A year ago, we partnered with Affinity Group to tackle a foundational challenge facing food manufacturers: understanding how foodservice operators actually make buying decisions in today’s fragmented, fast-moving environment and how brands can better support that journey. The result was a comprehensive path-to-purchase study designed to move beyond assumptions and surface real operator behavior. While many findings reinforced long-standing truths that sales/distributor relationships, pricing, and product performance still matter, one influence stood out for how quickly it was evolving. Social media was no longer a peripheral touchpoint. It had become a meaningful, active input in how operators learn, evaluate, and gain confidence in brands. That insight didn’t just validate a trend, it raised a more urgent question. If operators are increasingly turning to social platforms to inform decisions, are manufacturers truly showing up in ways that help or are they simply present?
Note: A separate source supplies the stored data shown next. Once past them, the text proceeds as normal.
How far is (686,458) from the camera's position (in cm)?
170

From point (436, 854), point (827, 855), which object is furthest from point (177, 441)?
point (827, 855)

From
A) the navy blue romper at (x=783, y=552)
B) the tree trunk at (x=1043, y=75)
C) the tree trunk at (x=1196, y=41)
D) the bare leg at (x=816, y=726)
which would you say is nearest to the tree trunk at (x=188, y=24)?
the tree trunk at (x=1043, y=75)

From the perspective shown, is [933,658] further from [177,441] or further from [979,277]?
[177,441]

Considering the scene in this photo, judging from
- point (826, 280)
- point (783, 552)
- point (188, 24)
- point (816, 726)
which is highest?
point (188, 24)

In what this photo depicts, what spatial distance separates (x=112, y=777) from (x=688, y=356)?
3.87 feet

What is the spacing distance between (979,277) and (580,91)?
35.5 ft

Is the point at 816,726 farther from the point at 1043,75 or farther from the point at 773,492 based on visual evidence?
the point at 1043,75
Rather than treating social media as another box to check in the journey, Affinity Group made a deliberate decision to go deeper. The goal of the follow-up study wasn’t to rank platforms or measure surface-level engagement, it was to understand behavior and expectations. How are operators using social media professionally? What content actually helps them solve day-to-day challenges? Where do brands add value, and where do they disappear into the noise? What emerged was a clear shift in how operators view these channels. It’s no longer just where ideas start, it’s where decisions can take shape. Operators use it to discover new products and menu ideas, validate brands before ever engaging sales or distributors, learn techniques through real-world applications, and quickly find answers when time is tight. In short, social platforms are now doing real work for operators. Helping them manage limited time, lean staffing, menu pressure, and the constant need to stay relevant with guests.
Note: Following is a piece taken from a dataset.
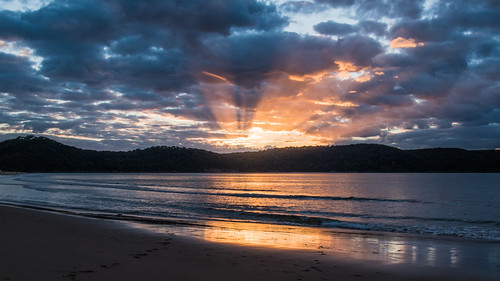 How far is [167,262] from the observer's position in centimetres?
903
The most important insight from this work is that presence alone is no longer enough. Many operators actively search for brands without following them, treating social platforms as discovery engines, credibility checks, learning hubs, and menu ideation tools. That behavior signals both opportunity and risk for manufacturers. Brands that show up with practical, visual, operator-first content earn attention and trust. Brands that default to promotional noise are easy to ignore. This study became a cornerstone of Affinity Group’s thought leadership because it replaces assumption with operator-validated insight and reframes social media for what it truly is today: a meaningful step in the foodservice buying journey, not an optional add-on. And understanding how operators use these platforms to make decisions is where relevance is built and where real partnership begins.